As mentioned in the Prologue, the “Dark Ages” is a label for historians. The people living during these times had no idea that they were living in the “Dark Ages.” In fact, the term was first used afterwards, during the Renaissance. Why?

Because humans during the Renaissance thought they were special. “Renaissance men” believed that they struck upon ideas and culture that had been ignored for a thousand years. Renaissance people not only labeled the Dark Ages, they also labeled their own time. They called their time period the Renaissance because of this sense of “glorious revival” of this ignored culture. Perhaps the Renaissance’s biggest triumph is that this sense of historical eras carries over into our classrooms today.

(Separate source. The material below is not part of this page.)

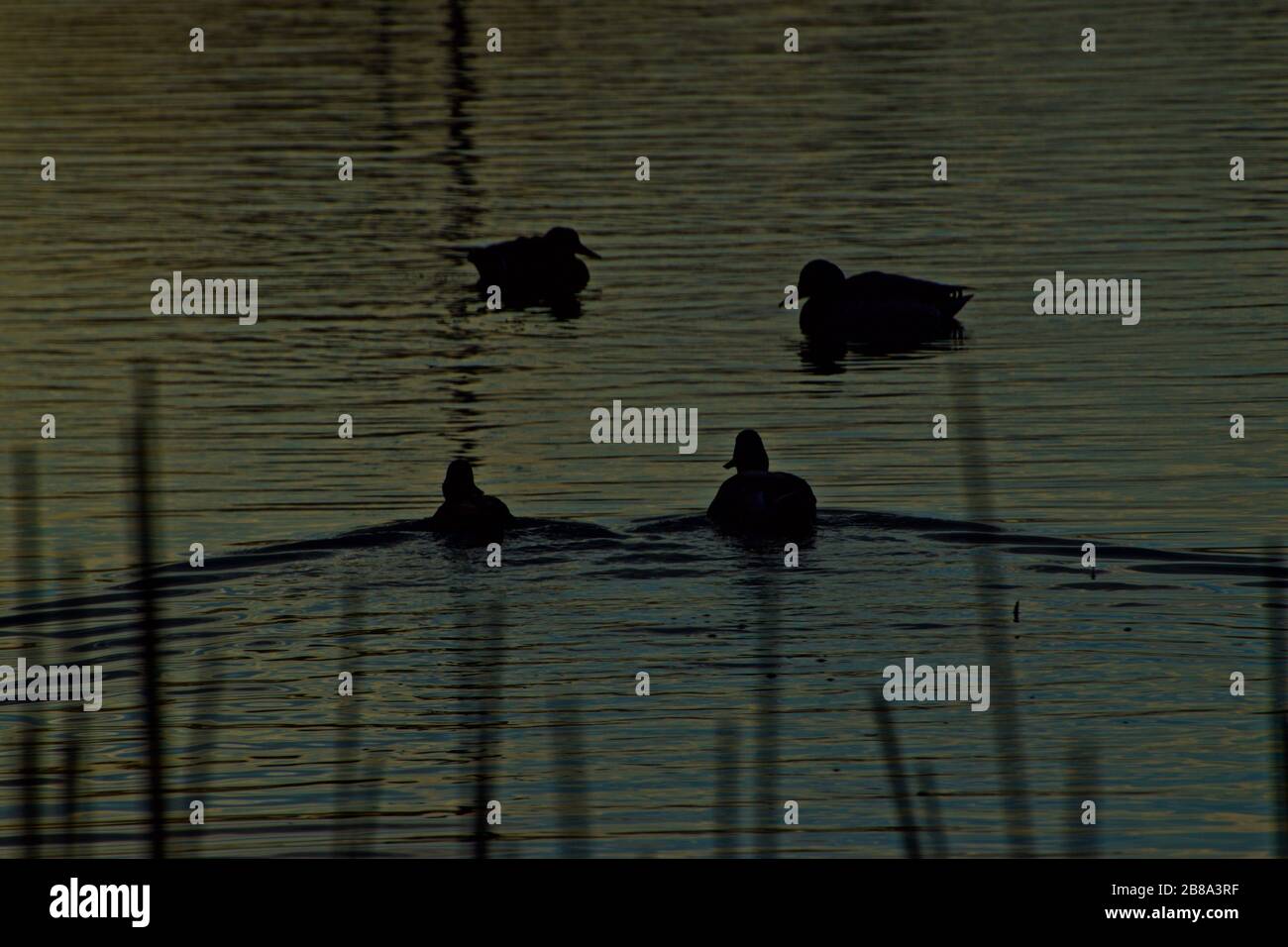 Mallard Ducks at Sunrise on Lindsey City Park Public Fishing Lake, Canyon, Texas. Stock Photo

This sense that your own generation is better than those that came before it is nothing new (consider your own generation). What was so key about the Renaissance focus, though, was in emphasizing that human beings during any age, even during the Dark Ages, could have been just as great, if people truly realized their potential as human beings.

The focus on human beings, on people living here on the planet during the present time, was indeed both new and old. Throughout the Middle Ages, the Catholic Church was the most constant and largest social, cultural, and political force in Europe. Throughout the “Dark Ages,” the focus was not on the present, but on the eternal future. During these times, your sole goal (and “soul goal”) was not towards improving your existence here. Instead, the goal was centered on your final destination, on securing a place for your soul in the good side of afterlife (Heaven). Life was viewed as a test, a “dress rehearsal” for the “big show” to come. In order to pass this test, it was not necessary to be educated, to be rich, or to be satisfied with yourself or your place in society. Instead, suffering through hardship, poverty, and disease with grace would be rewarded hereafter.

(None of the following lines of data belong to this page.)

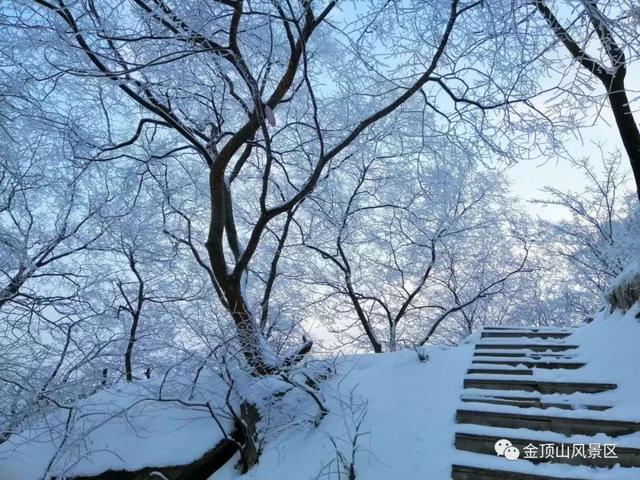 「金頂●冬雪」忽如一夜春風來，千樹萬樹梨花開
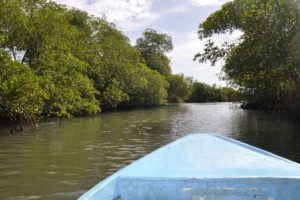 Mangrovenfluss Dominikanische Republik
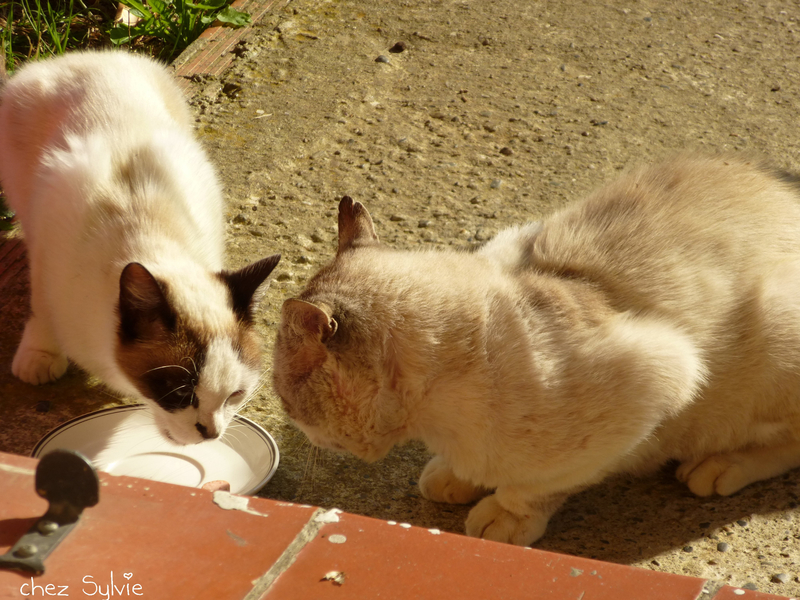 Chat blanc17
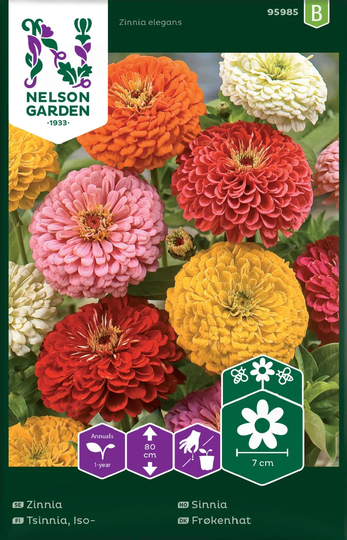 Nelson Garden Zinnia Hög Mix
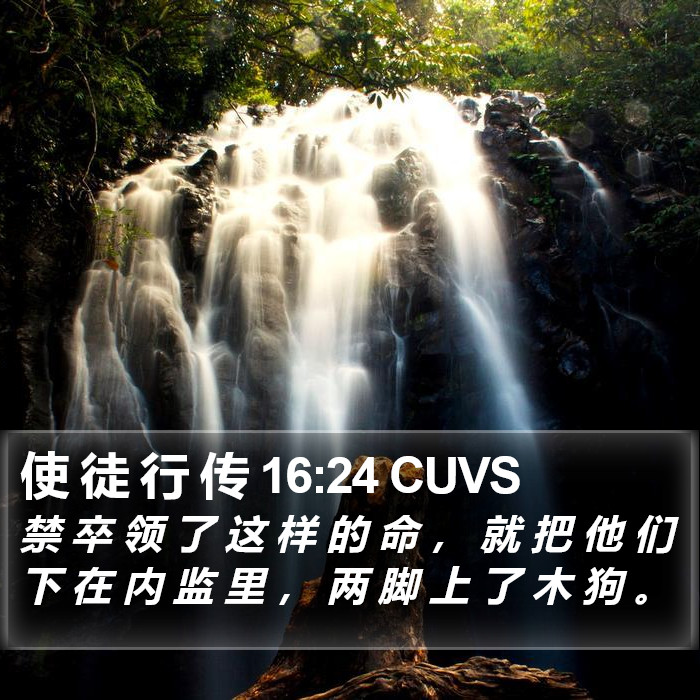 使 徒 行 传 16:24 CUVS Bible Study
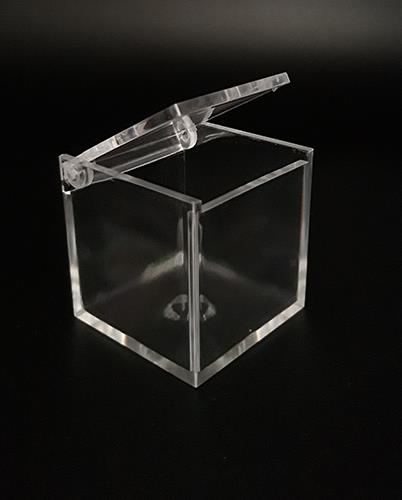 BOX TRASP. 5X5CM. 10PZ. C/COP.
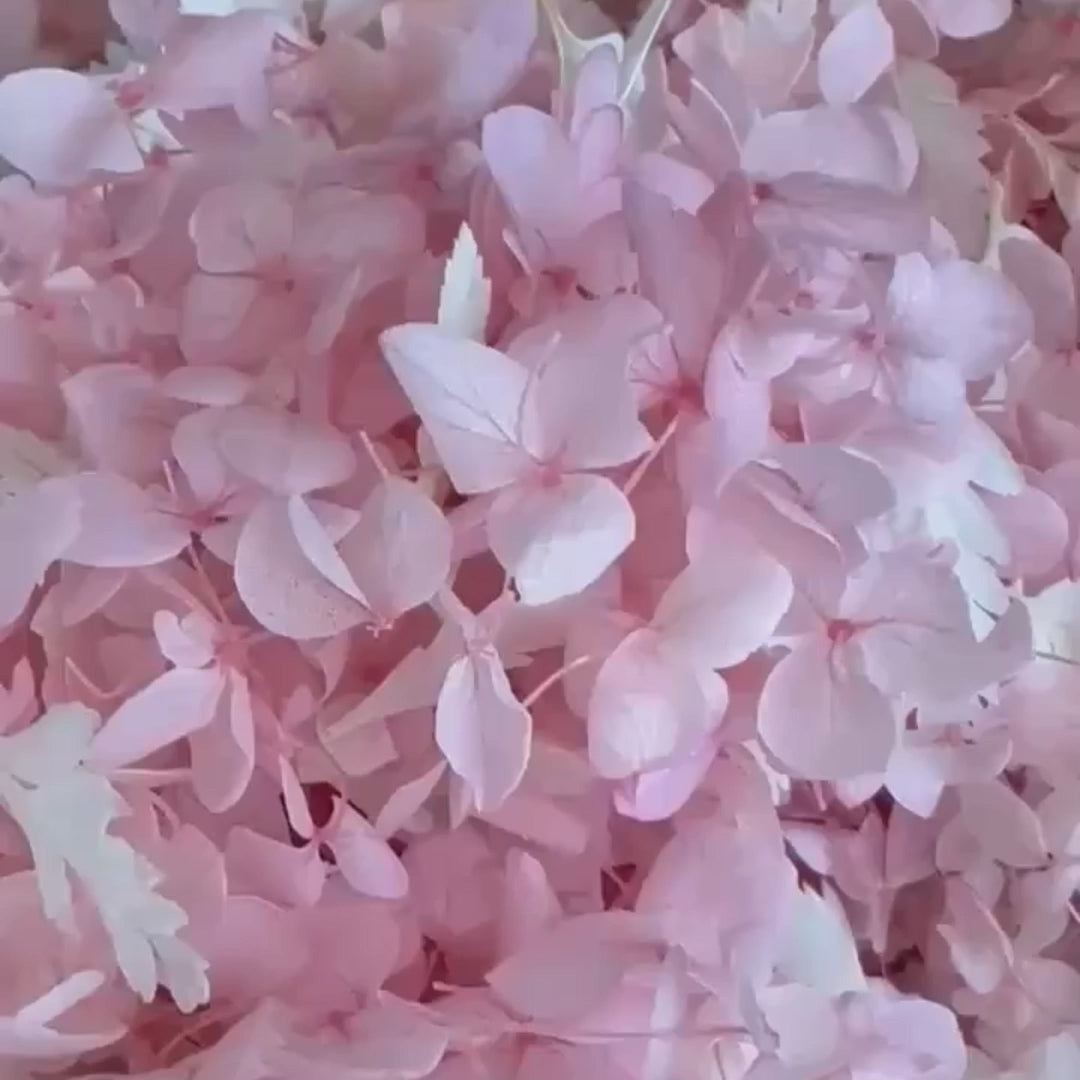 Biodegradable Confetti – Real Dried Flower Petal Wedding Confetti - Serenade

This focus did not vanish during the time of the Renaissance. However, the major Renaissance philosophy of humanism taught that, in addition to securing a good place in the afterlife, we should also work towards securing the best possible place for ourselves here. In addition to the spiritual, the secular was emphasized. The last time in the West that the secular world was embraced and celebrated this much was during the classical era: the times of ancient Greece and Rome. Therefore, the Renaissance men saw themselves as “re-birthing” classical cultures.

Italian Renisaunce

It All Started in Italy… Why Italy?

  1. Ancient Rome?… Wait a sec, we’re in Rome right now, man!”

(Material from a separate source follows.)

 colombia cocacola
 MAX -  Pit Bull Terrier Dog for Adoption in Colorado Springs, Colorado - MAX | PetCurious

Italy was not only the heart of the Roman Catholic Church, but also was the heart of the Roman Empire. During the Renaissance and beyond, you didn’t need to be a scholar to see classical culture everywhere—the remains and ruins of the Roman Empire served to give Italy a sense of pride and additional reason to look into the classical past before Christianity. (“Italy” was a region composed of many different countries at this point, each ruled over by a different leader—Italy would not exist as one country until the 1800s.)

During the “Dark Ages,” the majority of this classical past was viewed as “sinful” just for this reason: the Greeks and Romans believed in multiple gods, having lived before Christ and the dominance of the Church. The original texts of classical authors were not sought after, and the copies translated into Latin sometimes were grossly inaccurate. (One of the biggest exceptions to this view was the ancient philosopher and scientist Aristotle, whose views had been “Christianized” by St. Thomas Aquinas, among others.)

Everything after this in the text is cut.